Albert,

I think you are confusing the metadata.XML files from the pom.XML files

the metadata sonatype are referring to is the metametadata (ie metadata.xml files) and nit the artifact metadata (ie pom.xml files)

there are places in central where the metametadata is incorrect. let's get those fixed

pom's are more subjective: is log4j 1.2.14 a bad pom? it lists all the dependencies with compile scope and without optional=true

in my case, it is a bad pom because on a point release started pulling in windows nt logging support, and my app breaks with that support in place... but it is still a valid pom and it is still a "correct" pom

I could argue that the dependencies could be optional, others could argue that instead the whole log4j should be refactored into multiple artifacts pulling in each of the dependencies I think should be optional... none of us are correct

I could argue that a pom which does not list a license is broken... others might say that code in the public domain has no license, so their pom would be incorrect to list a license

I could have a closed source artifact on central, so no scm, no developers, no distMgnt, no build, no reporting... and that is still a valid pom

the only metadata we can prove to be incorrect is the metametadata... and thankfully that can be reconstructed from the pom files

Sent from my [rhymes with tryPod] ;-)

On 6 Oct 2009, at 18:30, Albert Kurucz <[email protected]> wrote:

Brian,

This is why in suggestion 1) I said lets get some code to validate the
artifacts.

Reading this article I thought you already have that

http://www.think88.com/resources/Maven_white_paper_june_2009.pdf
"
Sonatype maintains a central repository with more than 90,000 artifacts,
consuming more than 60 GB of storage. In addition to the artifacts
themselves, the
Maven Central Repository also contains a POM-file for each of the artifacts, containing the meta data for these artifacts. To protect the integrity of the repository, Sonatype checks the meta data for correctness.
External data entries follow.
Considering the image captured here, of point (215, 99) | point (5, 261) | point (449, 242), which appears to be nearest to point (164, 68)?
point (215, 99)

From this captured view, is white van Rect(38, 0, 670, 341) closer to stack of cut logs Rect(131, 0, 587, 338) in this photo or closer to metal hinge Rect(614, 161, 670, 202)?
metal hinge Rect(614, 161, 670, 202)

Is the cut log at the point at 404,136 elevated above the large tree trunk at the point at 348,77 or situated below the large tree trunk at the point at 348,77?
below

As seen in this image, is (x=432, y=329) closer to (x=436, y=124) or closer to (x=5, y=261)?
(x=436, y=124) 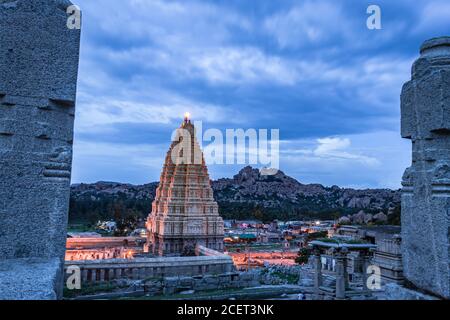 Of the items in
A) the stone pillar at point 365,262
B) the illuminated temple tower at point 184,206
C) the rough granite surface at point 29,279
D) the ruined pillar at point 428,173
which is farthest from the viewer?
the illuminated temple tower at point 184,206

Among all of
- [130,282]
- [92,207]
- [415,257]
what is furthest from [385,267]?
[92,207]

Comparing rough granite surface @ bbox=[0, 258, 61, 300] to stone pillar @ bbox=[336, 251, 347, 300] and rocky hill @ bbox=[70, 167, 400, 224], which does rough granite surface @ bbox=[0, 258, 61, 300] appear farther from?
rocky hill @ bbox=[70, 167, 400, 224]

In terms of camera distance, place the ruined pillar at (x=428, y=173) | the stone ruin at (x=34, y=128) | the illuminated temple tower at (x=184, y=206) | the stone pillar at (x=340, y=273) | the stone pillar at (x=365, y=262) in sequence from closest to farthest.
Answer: the ruined pillar at (x=428, y=173), the stone ruin at (x=34, y=128), the stone pillar at (x=340, y=273), the stone pillar at (x=365, y=262), the illuminated temple tower at (x=184, y=206)

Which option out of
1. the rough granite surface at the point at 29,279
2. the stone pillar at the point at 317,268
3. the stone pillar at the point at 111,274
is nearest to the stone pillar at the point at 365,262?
the stone pillar at the point at 317,268

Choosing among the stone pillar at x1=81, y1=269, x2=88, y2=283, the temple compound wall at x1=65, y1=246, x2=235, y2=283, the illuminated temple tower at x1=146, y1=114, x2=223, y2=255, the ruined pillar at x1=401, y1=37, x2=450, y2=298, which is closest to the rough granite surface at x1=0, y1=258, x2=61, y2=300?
the ruined pillar at x1=401, y1=37, x2=450, y2=298

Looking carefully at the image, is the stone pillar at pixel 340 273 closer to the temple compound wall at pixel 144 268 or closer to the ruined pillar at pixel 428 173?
the temple compound wall at pixel 144 268

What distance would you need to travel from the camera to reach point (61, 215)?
12.3 feet

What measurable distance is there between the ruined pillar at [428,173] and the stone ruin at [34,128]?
2974 mm

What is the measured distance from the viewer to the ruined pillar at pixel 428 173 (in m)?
2.81

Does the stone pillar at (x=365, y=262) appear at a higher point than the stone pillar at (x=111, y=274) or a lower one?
higher

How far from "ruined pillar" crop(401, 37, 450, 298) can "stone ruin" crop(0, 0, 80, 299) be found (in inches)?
117

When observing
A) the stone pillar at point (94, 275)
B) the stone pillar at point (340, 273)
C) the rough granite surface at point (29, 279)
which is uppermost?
the rough granite surface at point (29, 279)

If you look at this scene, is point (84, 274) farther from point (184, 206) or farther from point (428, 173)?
point (428, 173) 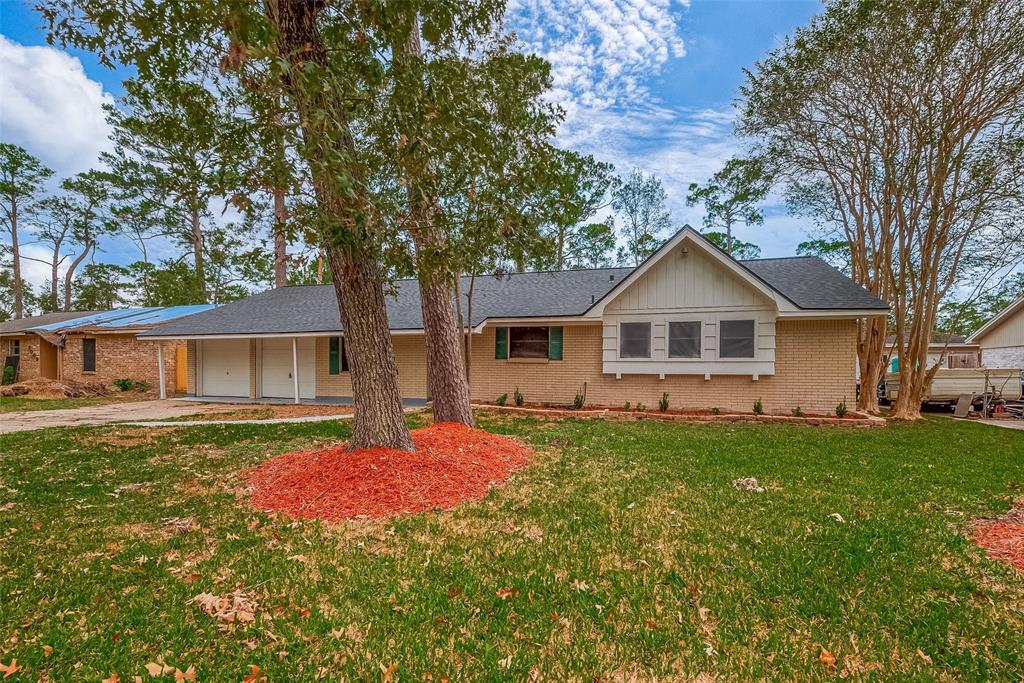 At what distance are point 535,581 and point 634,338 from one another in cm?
962

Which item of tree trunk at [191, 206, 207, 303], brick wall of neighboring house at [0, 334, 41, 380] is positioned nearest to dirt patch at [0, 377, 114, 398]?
brick wall of neighboring house at [0, 334, 41, 380]

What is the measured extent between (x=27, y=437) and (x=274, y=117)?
8.27m

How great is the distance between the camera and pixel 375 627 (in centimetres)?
253

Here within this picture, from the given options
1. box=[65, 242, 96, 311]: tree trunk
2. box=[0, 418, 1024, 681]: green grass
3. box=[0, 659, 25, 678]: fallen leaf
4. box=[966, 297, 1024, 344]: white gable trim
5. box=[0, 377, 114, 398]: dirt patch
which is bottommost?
box=[0, 377, 114, 398]: dirt patch

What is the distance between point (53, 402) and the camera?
14062 mm

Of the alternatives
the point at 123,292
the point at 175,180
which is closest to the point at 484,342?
the point at 175,180

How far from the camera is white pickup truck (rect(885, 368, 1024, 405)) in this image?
13.5 m

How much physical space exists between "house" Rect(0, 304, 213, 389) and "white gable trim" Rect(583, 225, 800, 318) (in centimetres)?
1688

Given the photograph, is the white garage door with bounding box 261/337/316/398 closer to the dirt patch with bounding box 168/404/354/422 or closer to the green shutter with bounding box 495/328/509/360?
the dirt patch with bounding box 168/404/354/422

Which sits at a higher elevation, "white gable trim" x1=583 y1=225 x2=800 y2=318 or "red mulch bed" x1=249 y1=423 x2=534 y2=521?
"white gable trim" x1=583 y1=225 x2=800 y2=318

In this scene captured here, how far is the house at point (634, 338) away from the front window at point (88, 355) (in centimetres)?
586

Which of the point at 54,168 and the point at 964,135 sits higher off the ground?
the point at 54,168

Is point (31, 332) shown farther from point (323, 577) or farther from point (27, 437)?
point (323, 577)

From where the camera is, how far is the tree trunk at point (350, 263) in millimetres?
3920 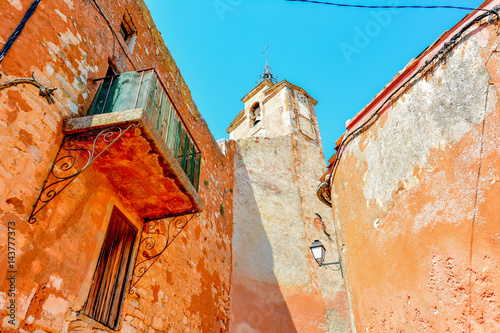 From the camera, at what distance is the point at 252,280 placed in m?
8.36

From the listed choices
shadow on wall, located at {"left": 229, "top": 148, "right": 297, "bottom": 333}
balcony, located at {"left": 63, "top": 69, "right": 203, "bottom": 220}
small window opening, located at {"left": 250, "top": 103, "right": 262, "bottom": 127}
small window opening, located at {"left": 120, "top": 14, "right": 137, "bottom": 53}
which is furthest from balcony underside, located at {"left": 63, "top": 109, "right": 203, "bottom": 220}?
small window opening, located at {"left": 250, "top": 103, "right": 262, "bottom": 127}

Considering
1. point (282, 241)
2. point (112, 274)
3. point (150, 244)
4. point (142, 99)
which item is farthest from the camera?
point (282, 241)

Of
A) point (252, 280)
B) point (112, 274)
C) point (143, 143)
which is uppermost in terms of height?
point (252, 280)

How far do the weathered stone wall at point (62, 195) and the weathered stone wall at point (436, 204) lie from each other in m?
2.81

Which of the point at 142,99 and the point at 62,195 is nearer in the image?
the point at 62,195

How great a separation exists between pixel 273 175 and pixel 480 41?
312 inches

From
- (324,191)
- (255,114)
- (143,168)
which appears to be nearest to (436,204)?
(324,191)

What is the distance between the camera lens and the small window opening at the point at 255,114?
52.6 ft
If the meta data is
erroneous, the artifact can’t be uploaded.
"


On Tue, Oct 6, 2009 at 12:19 PM, Brian Fox <[email protected]> wrote:
On Tue, Oct 6, 2009 at 9:30 AM, Albert Kurucz <[email protected] > wrote:
Tamas, I cannot predict when, but once it will be done in a "machine
way" or a mathematical/logical proof will be discovered that it is
impossible. Agreed, it will not be easy.


This is why in suggestion 1) I said lets get some code to validate the
artifacts. Having a suite of validation rules implemented hurts noone
and then people can choose to use them or not, it's just like the
bunch of enforcer rules we already have.